(Beginning of RECORD EXTRACTS)
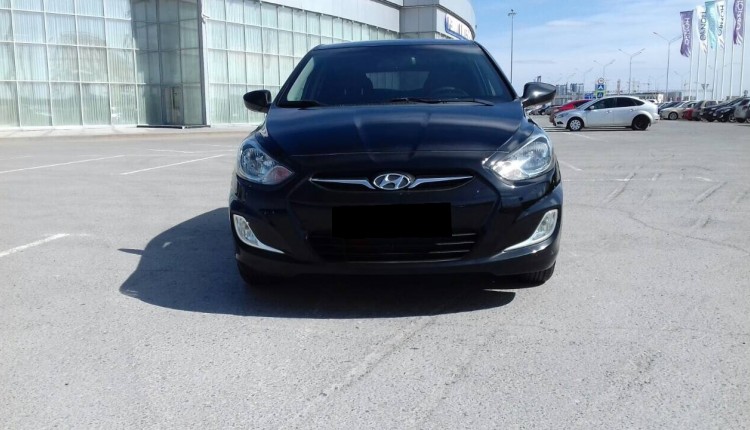 Hyundai Solaris Hyundai Solaris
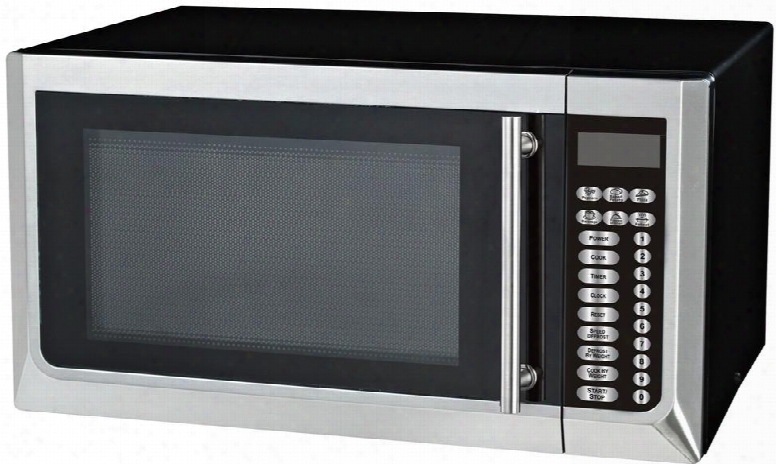 Mt16k3s 1.6 Cu. Ft. Microwave Oven With 1 000 Watts 6 Pre-set Cooking Options Defrost By Time Defrost By Weight Glass Turntable And Touch Pad Electronic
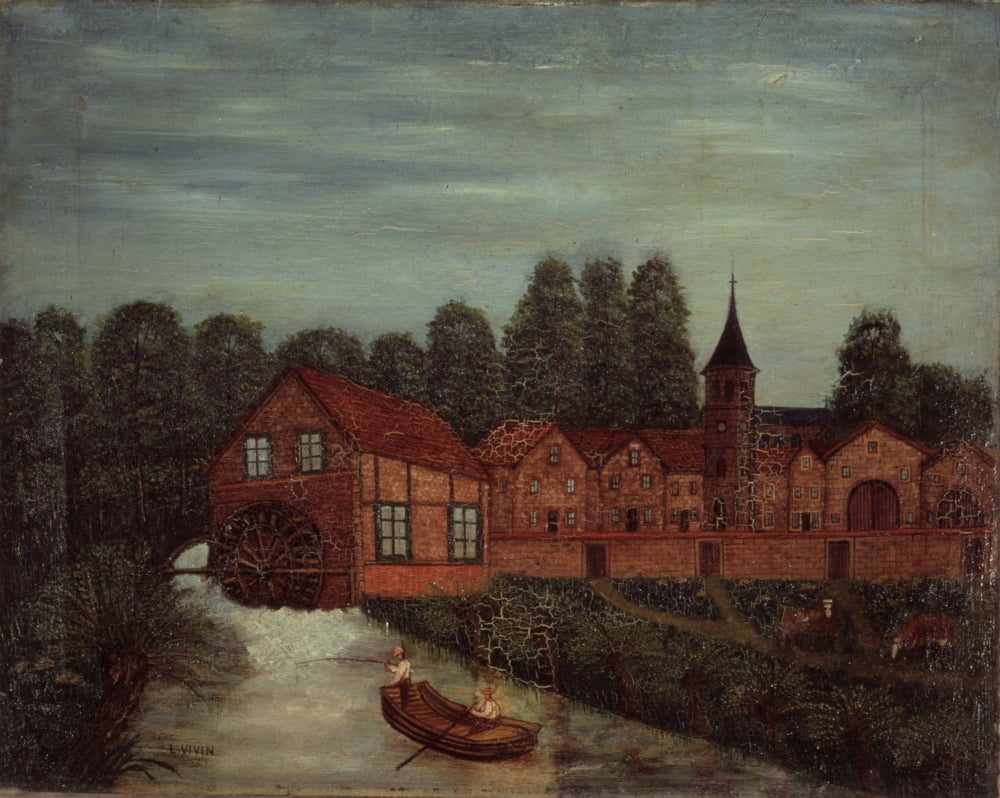 The Mill Canvas Art - (36 x 24)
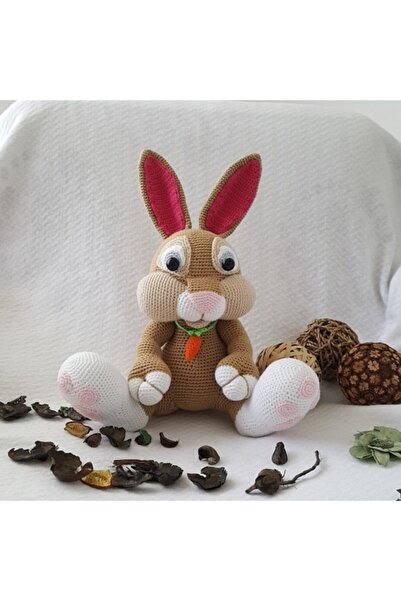 OYUNCAKPARK Tavşan Rabbit Amigurumi Organik Oyuncak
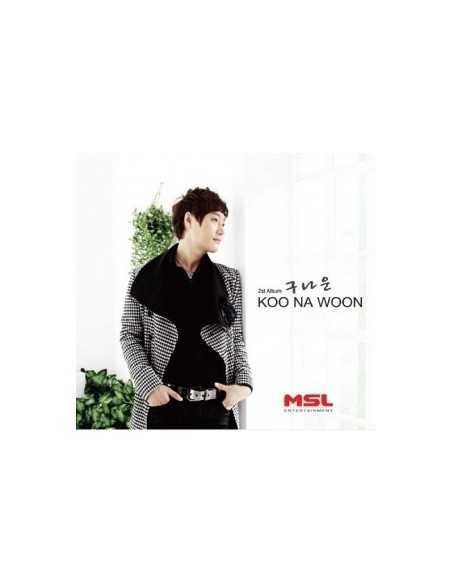 KOO NA WOON 2nd Mini Album CD - Flower Ring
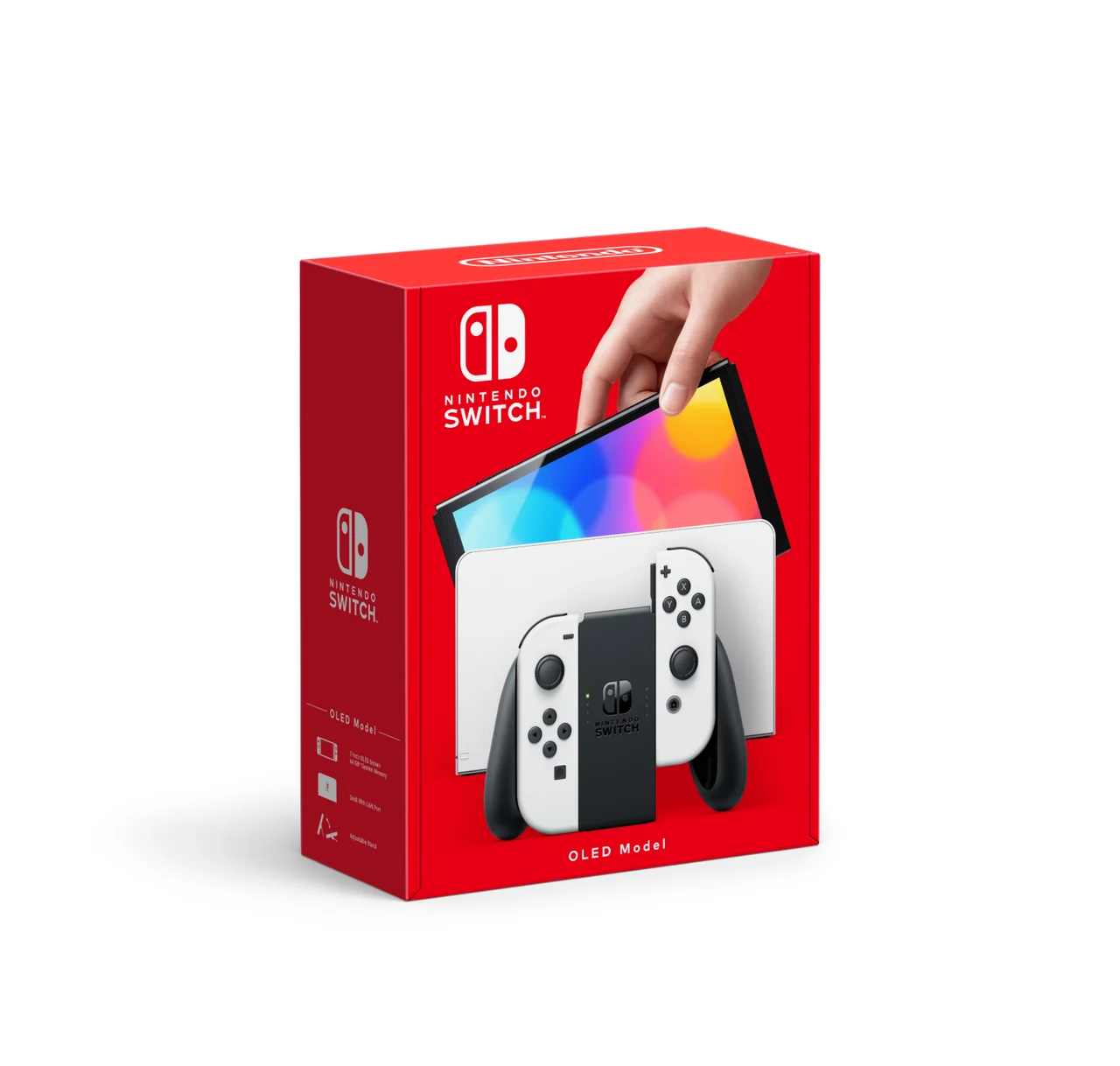 Nintendo Switch – OLED Model White set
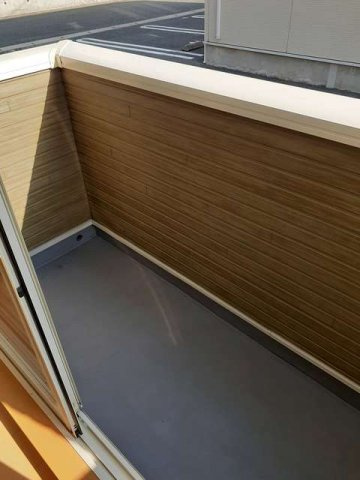 メゾン・ド・ジェルメＢのバルコニー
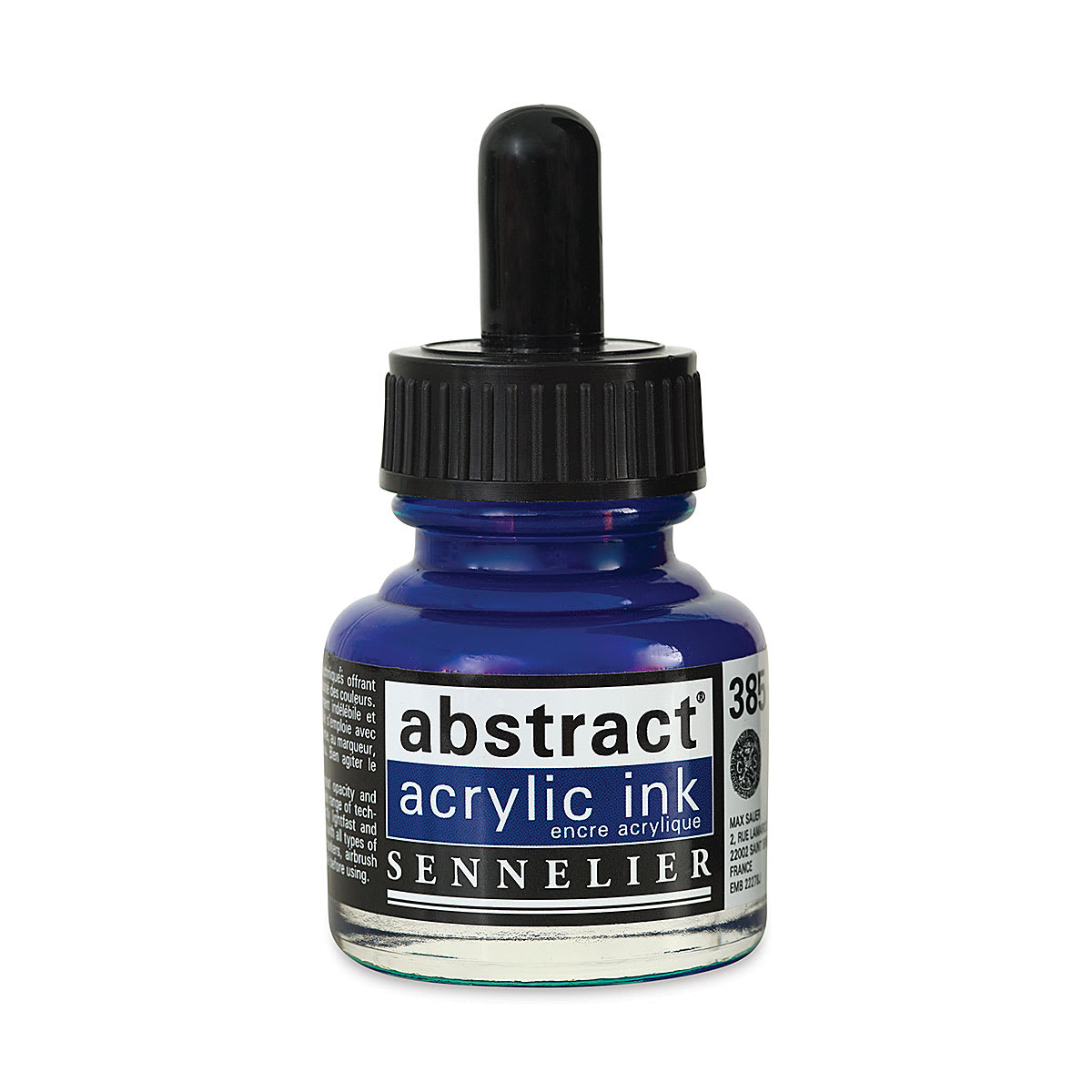 Sennelier Abstract Acrylic Ink - Primary Blue, 1 oz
(End of RECORD EXTRACTS)
EXERCISE DESCRIPTION: Working from the line containing "OYUNCAKPARK Tavşan Rabbit" to the last line of the data, retype every line exactly, both ends included, and leave out all pictures.

TASK RESPONSE:
 OYUNCAKPARK Tavşan Rabbit Amigurumi Organik Oyuncak
 KOO NA WOON 2nd Mini Album CD - Flower Ring
 Nintendo Switch – OLED Model White set
 メゾン・ド・ジェルメＢのバルコニー
 Sennelier Abstract Acrylic Ink - Primary Blue, 1 oz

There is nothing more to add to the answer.